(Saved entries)

──────────────────────────────

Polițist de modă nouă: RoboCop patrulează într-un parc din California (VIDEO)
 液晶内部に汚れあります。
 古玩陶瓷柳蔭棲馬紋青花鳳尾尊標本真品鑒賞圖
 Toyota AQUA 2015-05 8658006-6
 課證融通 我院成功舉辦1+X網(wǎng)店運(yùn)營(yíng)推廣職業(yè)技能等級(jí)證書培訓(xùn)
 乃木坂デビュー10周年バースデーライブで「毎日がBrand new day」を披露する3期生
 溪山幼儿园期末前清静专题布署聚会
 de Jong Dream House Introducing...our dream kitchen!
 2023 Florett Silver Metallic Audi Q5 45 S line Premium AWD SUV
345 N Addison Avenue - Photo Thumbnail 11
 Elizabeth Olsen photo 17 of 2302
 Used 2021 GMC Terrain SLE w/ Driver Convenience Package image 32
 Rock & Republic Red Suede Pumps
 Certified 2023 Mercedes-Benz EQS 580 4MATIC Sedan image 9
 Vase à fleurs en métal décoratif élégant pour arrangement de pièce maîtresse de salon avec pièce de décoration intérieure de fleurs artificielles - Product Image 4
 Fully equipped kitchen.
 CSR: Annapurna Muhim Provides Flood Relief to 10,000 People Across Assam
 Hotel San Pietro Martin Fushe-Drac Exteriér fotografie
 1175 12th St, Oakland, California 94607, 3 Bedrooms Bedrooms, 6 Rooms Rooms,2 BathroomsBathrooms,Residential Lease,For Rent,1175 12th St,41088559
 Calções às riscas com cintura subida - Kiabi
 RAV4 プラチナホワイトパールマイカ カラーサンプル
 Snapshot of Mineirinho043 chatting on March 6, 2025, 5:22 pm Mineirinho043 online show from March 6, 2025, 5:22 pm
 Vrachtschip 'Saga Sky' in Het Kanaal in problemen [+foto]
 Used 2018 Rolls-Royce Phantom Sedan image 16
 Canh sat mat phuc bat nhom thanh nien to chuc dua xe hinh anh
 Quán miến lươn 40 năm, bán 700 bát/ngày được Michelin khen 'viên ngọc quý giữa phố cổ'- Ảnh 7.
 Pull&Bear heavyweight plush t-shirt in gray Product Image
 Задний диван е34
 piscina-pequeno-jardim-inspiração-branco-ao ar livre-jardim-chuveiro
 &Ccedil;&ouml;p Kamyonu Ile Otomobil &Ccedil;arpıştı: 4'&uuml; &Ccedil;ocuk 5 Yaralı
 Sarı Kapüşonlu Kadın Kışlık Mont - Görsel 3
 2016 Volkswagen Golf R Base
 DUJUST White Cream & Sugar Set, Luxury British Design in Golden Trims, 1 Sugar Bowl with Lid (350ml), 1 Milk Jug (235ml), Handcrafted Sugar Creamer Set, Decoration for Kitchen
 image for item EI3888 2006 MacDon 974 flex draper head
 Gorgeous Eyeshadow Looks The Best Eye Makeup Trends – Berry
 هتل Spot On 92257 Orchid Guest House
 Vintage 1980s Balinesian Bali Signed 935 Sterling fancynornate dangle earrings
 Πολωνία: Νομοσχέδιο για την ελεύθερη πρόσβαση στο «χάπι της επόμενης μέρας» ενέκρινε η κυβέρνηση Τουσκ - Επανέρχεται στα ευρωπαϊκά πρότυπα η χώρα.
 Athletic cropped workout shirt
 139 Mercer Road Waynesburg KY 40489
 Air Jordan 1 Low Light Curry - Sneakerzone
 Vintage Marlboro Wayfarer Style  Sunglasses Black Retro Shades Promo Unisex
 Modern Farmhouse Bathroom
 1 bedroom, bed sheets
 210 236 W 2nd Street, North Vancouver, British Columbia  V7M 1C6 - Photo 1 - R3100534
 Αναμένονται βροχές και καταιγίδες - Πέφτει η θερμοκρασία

──────────────────────────────

● WORK INSTRUCTIONS: Copy the lines above exactly. Start with the line containing "Задний диван е34", end with the line containing "2016 Volkswagen Golf R Base", and include both.

● PROBLEM SOLUTION:
 Задний диван е34
 piscina-pequeno-jardim-inspiração-branco-ao ar livre-jardim-chuveiro
 &Ccedil;&ouml;p Kamyonu Ile Otomobil &Ccedil;arpıştı: 4'&uuml; &Ccedil;ocuk 5 Yaralı
 Sarı Kapüşonlu Kadın Kışlık Mont - Görsel 3
 2016 Volkswagen Golf R Base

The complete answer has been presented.